- **Prompt**
Reproduce, exactly and only, the lines of the data that follows from the one containing "HENCKELS Classic Razor-Sharp" down to the one containing "Fyra skicklig ryttare", without pictures.

- **Data for the task**
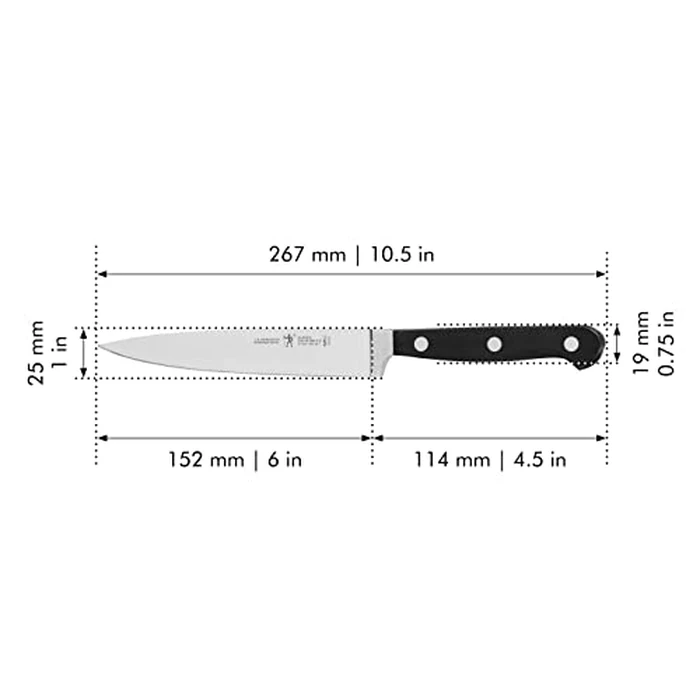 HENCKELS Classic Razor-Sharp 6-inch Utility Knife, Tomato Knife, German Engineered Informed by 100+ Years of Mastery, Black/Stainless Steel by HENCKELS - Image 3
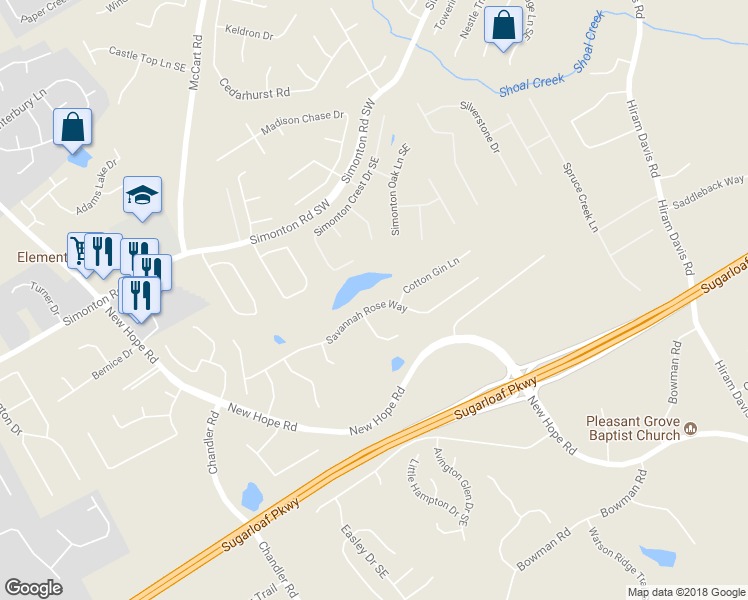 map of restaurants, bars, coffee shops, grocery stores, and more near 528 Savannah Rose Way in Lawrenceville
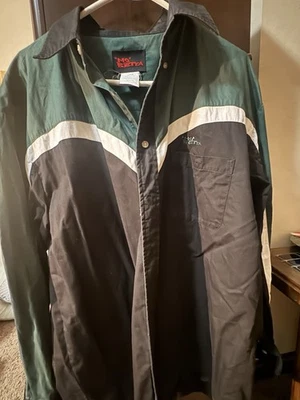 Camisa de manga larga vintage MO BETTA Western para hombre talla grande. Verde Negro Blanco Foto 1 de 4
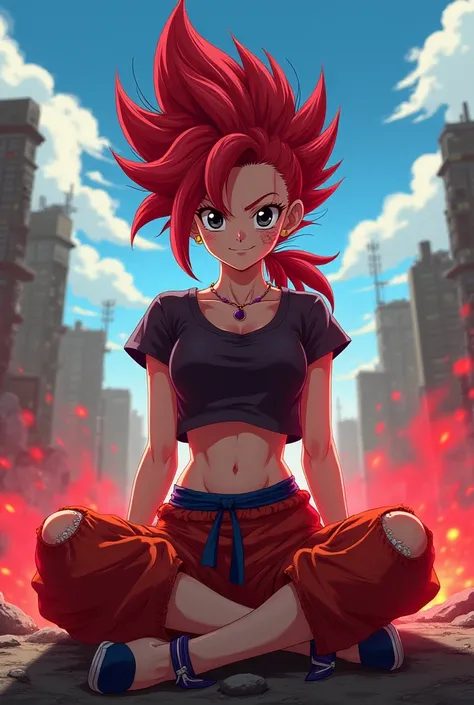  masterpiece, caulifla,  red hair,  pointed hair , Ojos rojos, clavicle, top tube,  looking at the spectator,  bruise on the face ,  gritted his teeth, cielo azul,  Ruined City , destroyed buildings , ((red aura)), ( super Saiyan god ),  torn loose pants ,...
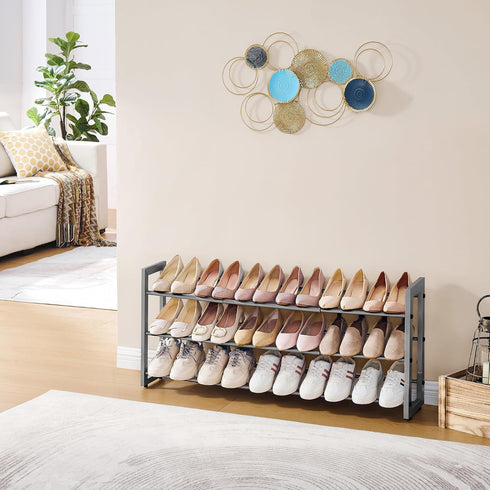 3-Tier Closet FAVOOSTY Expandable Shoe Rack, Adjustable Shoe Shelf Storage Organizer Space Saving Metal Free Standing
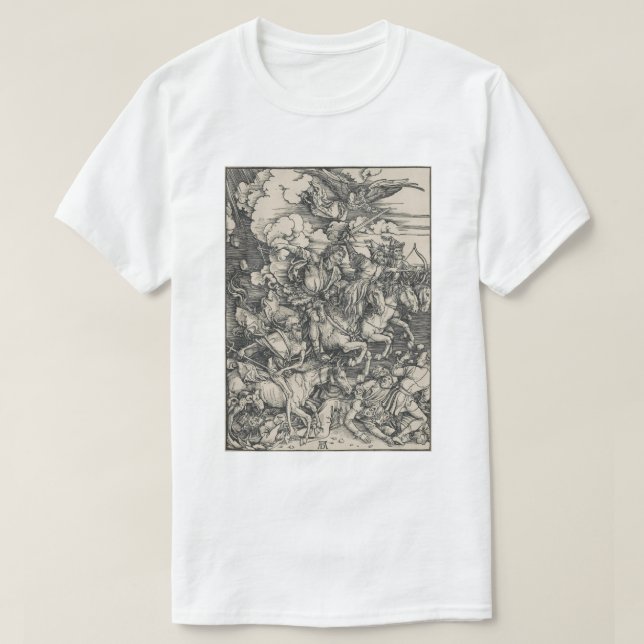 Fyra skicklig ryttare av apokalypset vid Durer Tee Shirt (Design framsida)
==
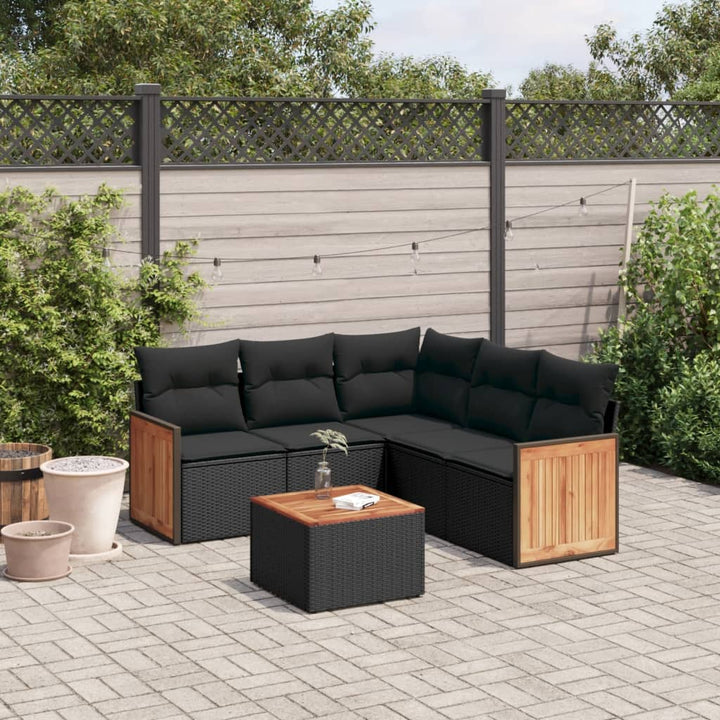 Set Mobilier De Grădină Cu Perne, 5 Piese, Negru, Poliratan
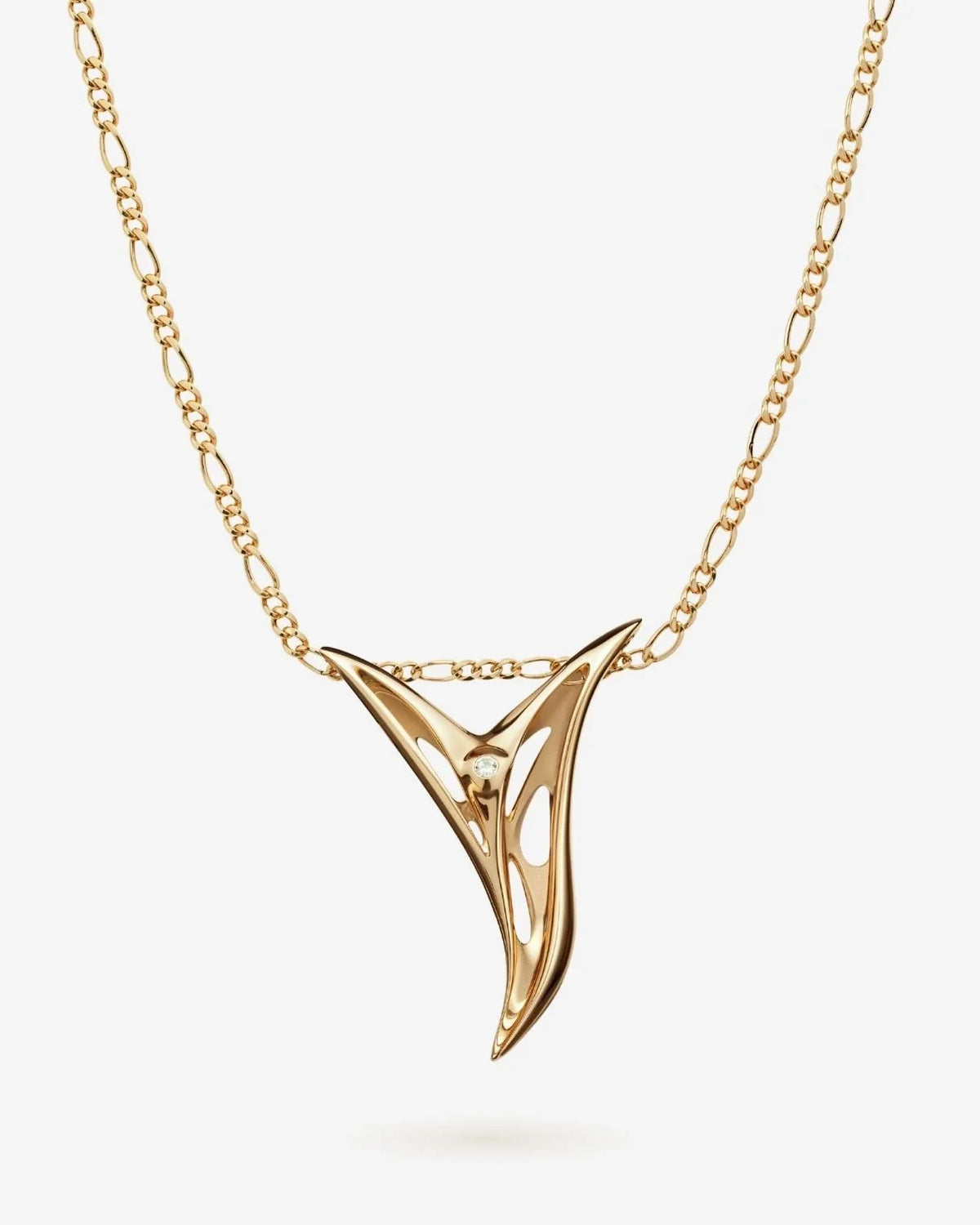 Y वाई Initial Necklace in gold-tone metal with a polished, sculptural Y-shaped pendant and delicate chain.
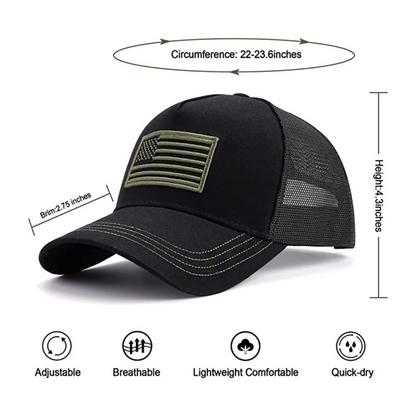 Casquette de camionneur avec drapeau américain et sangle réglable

- **Completed task**
 HENCKELS Classic Razor-Sharp 6-inch Utility Knife, Tomato Knife, German Engineered Informed by 100+ Years of Mastery, Black/Stainless Steel by HENCKELS - Image 3
 map of restaurants, bars, coffee shops, grocery stores, and more near 528 Savannah Rose Way in Lawrenceville
 Camisa de manga larga vintage MO BETTA Western para hombre talla grande. Verde Negro Blanco Foto 1 de 4
  masterpiece, caulifla,  red hair,  pointed hair , Ojos rojos, clavicle, top tube,  looking at the spectator,  bruise on the face ,  gritted his teeth, cielo azul,  Ruined City , destroyed buildings , ((red aura)), ( super Saiyan god ),  torn loose pants ,...
 3-Tier Closet FAVOOSTY Expandable Shoe Rack, Adjustable Shoe Shelf Storage Organizer Space Saving Metal Free Standing
 Fyra skicklig ryttare av apokalypset vid Durer Tee Shirt (Design framsida)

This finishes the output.